## WHAT IS EXPECTED
Go line by line through the entries below and count those containing the string "Retro"; give only the count.

## SUPPLIED MATERIAL
-=-=-

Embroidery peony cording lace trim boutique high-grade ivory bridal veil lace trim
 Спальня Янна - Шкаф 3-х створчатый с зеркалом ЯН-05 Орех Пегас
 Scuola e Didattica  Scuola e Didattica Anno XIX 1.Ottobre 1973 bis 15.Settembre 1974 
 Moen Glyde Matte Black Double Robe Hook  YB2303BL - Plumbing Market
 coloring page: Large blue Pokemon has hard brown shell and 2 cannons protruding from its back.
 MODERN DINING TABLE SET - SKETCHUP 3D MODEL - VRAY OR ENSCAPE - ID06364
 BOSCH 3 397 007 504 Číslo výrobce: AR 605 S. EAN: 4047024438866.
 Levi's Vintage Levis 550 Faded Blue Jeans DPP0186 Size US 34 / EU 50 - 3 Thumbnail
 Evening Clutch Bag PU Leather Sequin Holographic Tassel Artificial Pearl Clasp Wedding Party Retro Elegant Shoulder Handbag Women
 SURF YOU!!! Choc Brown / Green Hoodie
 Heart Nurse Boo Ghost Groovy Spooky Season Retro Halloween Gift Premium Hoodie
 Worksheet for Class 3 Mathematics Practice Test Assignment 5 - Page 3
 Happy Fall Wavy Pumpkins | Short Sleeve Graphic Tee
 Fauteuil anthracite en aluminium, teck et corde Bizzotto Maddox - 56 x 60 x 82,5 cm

-=-=-

## ANSWER BOX
2